Proposed Ellington Field spaceport. Courtesy of Houston Airport System

On October 17, the gates of the Johnson Space Center reopened and NASA’s employees returned to the business of space work, the government shutdown—messy, embarrassing, ultimately pointless—having ended. For 16 days, the Space Center had seemed like a ghost town. Once 3,000 furloughed employees were back at work, however, the place seemed, well, a bit less like a ghost town. 

“Every American who went into space went through Houston,” astronaut Walt Cunningham (Apollo 7) told us, speaking wistfully of NASA’s glory days, when the space shuttle program made the Center a power hub. And when the program was killed, media headlines focused on the 4,000 jobs that evaporated overnight, not Houston’s rightful claim to the title Space City, though that evaporated too.

Which is odd when you consider that manned spaceflight was born right here, on a 30,000-acre ranch where longhorns once grazed and deer wandered at sunset. Just a few years after the pasture was paved, Neil Armstrong was name-checking Houston on the moon, and the city became a world leader in space science and engineering. No one then could have foreseen our fall from space grace. 

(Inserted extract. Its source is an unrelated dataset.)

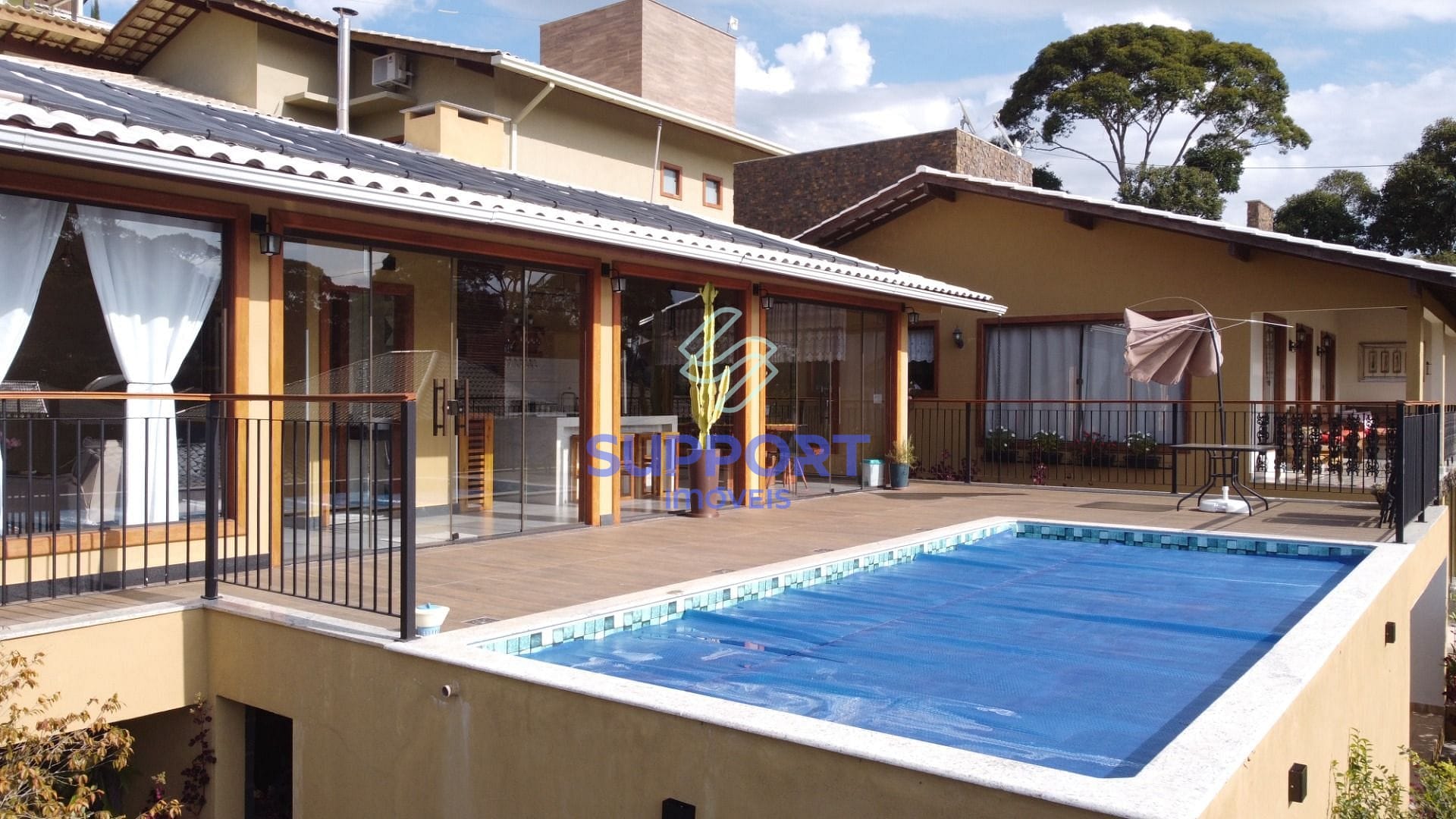 Casa à venda com 3 quartos, 300m² - Foto 1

But space itself is now a different animal and therein lies an opportunity. These days, the final frontier is now the final marketplace—zero-gravity medical experiments! tourism!—which is why eight localities petitioned and received spaceport licenses from the FAA (most, admittedly, with a space history not at all illustrious—we’re talking to you Jacksonville and Kodiak Island). Other licenses are pending; even Midland put in a bid. Wait, Midland?  

“Houston needs to do the same things for the virginal commercial space industry that Jesse Jones did with the port,” says Wayne Hale, Jr., who managed NASA’s space shuttle program. “There is competition for the business and Houston will not get it through its historic connection.”

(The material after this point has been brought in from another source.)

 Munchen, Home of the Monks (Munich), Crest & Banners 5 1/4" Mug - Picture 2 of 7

So, no, it’s not enough that we were once Space City, that we possess Tranquility Park and an underwhelming Challenger memorial. It’s not enough that a few astronauts wander into Mediteraneo for cocktails from time to time, or that Hollywood still alights on the Vomit Comet in Webster whenever it needs a weightlessness scene. Sentimentalism will only get you so far.

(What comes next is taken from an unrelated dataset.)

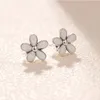 Beyaz emaye Papatya Saplama Küpe Orijinal Kutusu set Takı Pandora 925 Ayar Gümüş çiçekler Küpe Kadınlar Kızlar için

“Mario Diaz has a great vision,” declares Texas Space Alliance’s Wayne Rast. “He saw Ellington Field was a diamond in the rough.”

That vision, which Diaz, who heads the Houston Airport System, presented to City Council in July, involves “leveraging our existing (and unique) space community” to turn the forlorn Ellington into a futuristic air terminal with regular suborbital launches (maximum cruising altitude 328,000 feet). While he concluded that only horizontal and not vertical launches would be possible here (no trips to the International Space Station), there was palpable excitement among city councilmembers. They agreed to release monies so that licensing might be pursued (if there was still time!), environmental assessments conducted, and economic possibilities analyzed. 

“I see a potential opportunity for our city,” Diaz told us. “We must stake our claim to keep Houston at the forefront.”

Rast is a bit more florid. “Houston is the lowest hanging fruit in the history of the planet,” he says. “It’s the Silicon Valley of the new commercial space industry. We’re in the barnstorming days of the early flying machines when the world thought they were crazy. Now the world will never be the same.